Dataset extract START
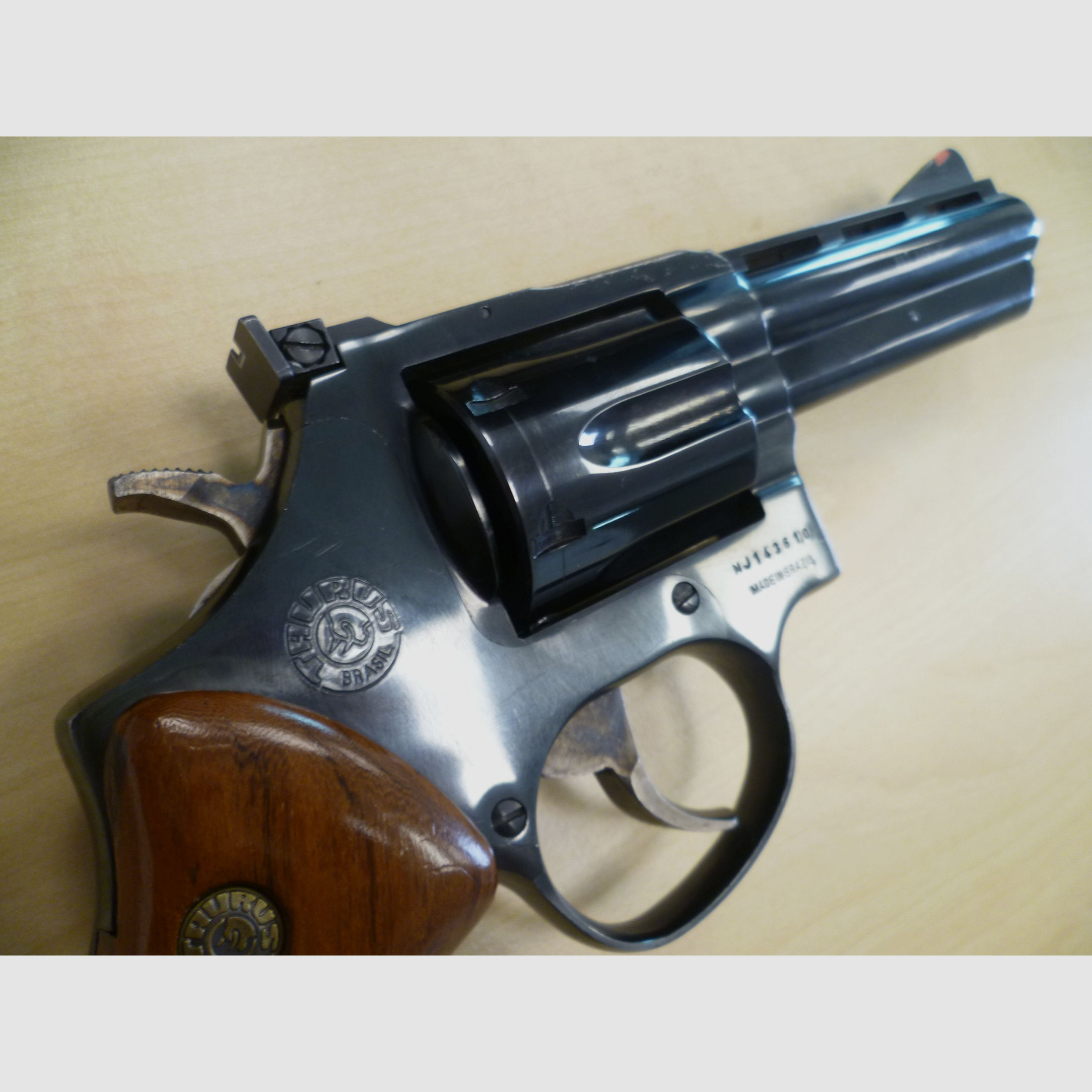 Revolver Taurus .357 Magnum 4"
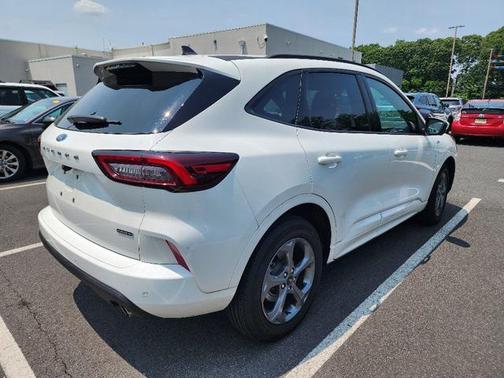2023 Ford Escape ST-Line Select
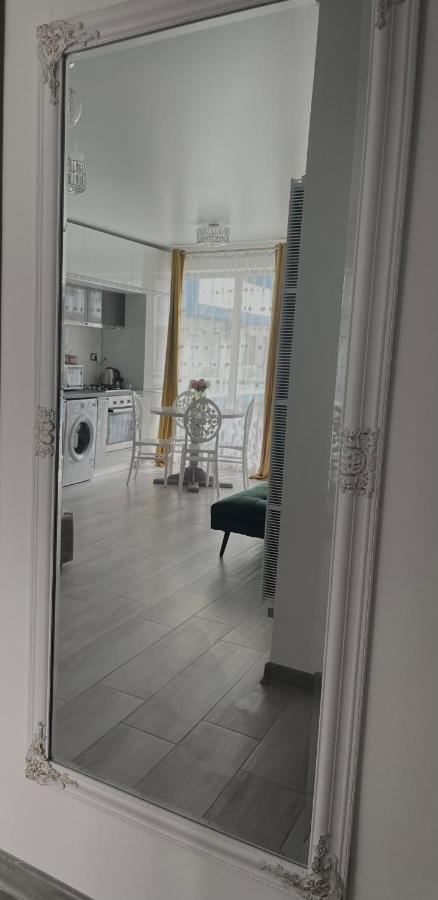 Ferienwohnung Dominic 2 Beds 1 Sofa Parking Pool Apartament By Alezzi Nord10 Năvodari Exterior foto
Dataset extract END
Please transcribe the material above exactly as written. Leave the pictures out.

=== Solution to the problem ===
 Revolver Taurus .357 Magnum 4"
2023 Ford Escape ST-Line Select
 Ferienwohnung Dominic 2 Beds 1 Sofa Parking Pool Apartament By Alezzi Nord10 Năvodari Exterior foto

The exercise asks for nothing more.